Assignment:
Exact copies of all the entries are required, and no pictures should appear in them.

Data items:
* * * * *

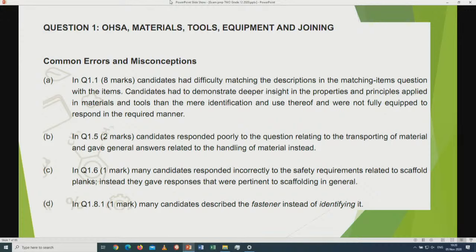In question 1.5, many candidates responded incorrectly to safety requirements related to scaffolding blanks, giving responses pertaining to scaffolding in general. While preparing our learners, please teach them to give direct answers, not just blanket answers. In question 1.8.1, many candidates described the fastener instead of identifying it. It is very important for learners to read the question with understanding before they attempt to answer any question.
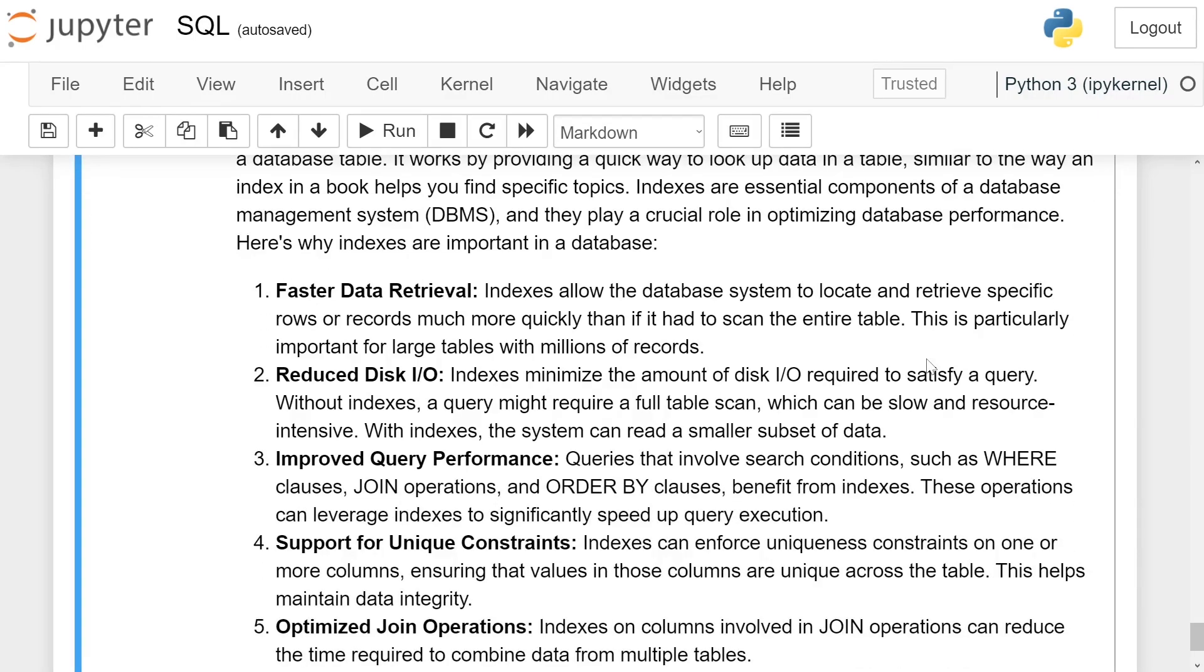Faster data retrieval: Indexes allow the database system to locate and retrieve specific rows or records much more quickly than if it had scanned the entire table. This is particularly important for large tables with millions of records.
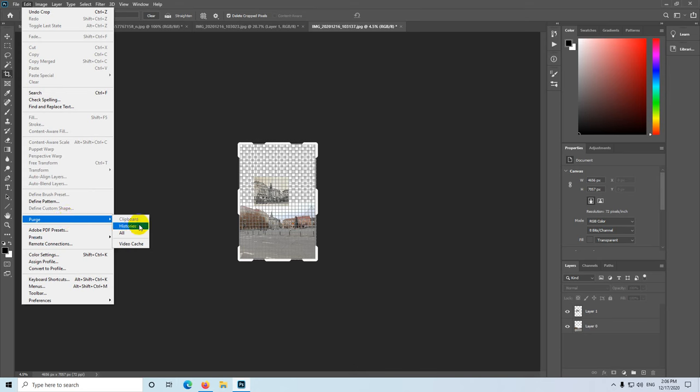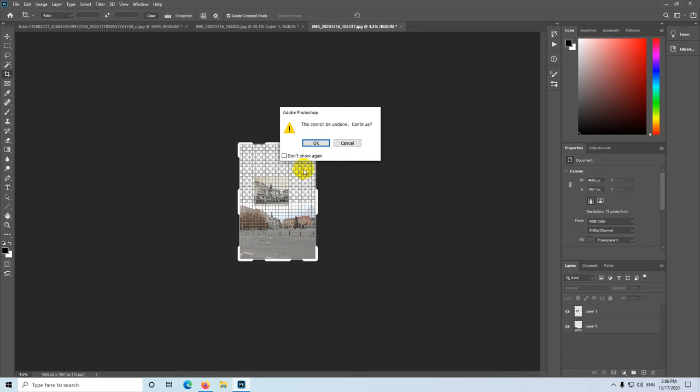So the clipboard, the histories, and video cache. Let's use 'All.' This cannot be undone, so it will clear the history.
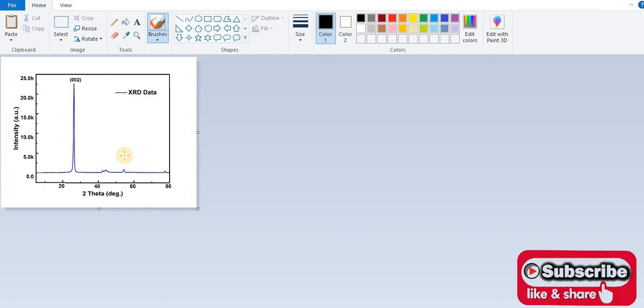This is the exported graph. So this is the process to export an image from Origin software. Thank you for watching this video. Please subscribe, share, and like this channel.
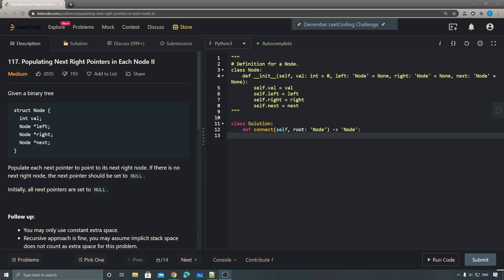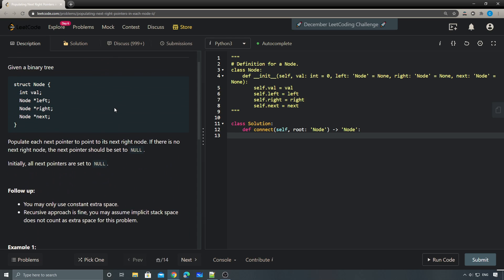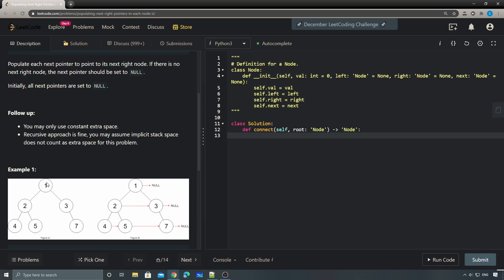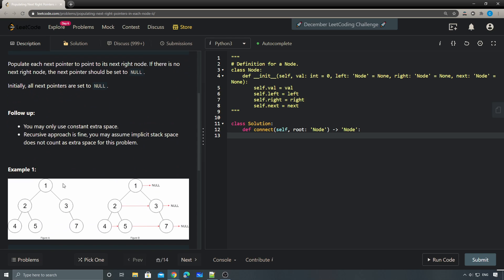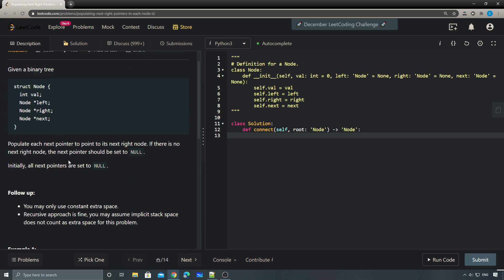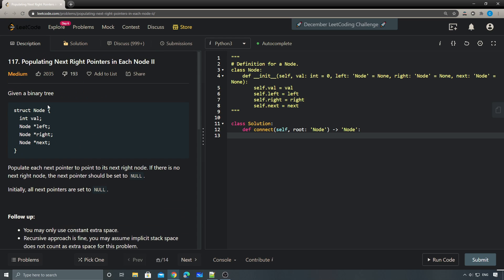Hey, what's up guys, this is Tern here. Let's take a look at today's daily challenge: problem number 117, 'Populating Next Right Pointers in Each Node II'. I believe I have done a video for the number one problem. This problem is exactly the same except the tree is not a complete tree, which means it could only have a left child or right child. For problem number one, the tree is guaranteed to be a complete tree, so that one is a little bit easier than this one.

* * * * *

Answer box:
In question 1.5, many candidates responded incorrectly to safety requirements related to scaffolding blanks, giving responses pertaining to scaffolding in general. While preparing our learners, please teach them to give direct answers, not just blanket answers. In question 1.8.1, many candidates described the fastener instead of identifying it. It is very important for learners to read the question with understanding before they attempt to answer any question.
Faster data retrieval: Indexes allow the database system to locate and retrieve specific rows or records much more quickly than if it had scanned the entire table. This is particularly important for large tables with millions of records.
So the clipboard, the histories, and video cache. Let's use 'All.' This cannot be undone, so it will clear the history.
This is the exported graph. So this is the process to export an image from Origin software. Thank you for watching this video. Please subscribe, share, and like this channel.
Hey, what's up guys, this is Tern here. Let's take a look at today's daily challenge: problem number 117, 'Populating Next Right Pointers in Each Node II'. I believe I have done a video for the number one problem. This problem is exactly the same except the tree is not a complete tree, which means it could only have a left child or right child. For problem number one, the tree is guaranteed to be a complete tree, so that one is a little bit easier than this one.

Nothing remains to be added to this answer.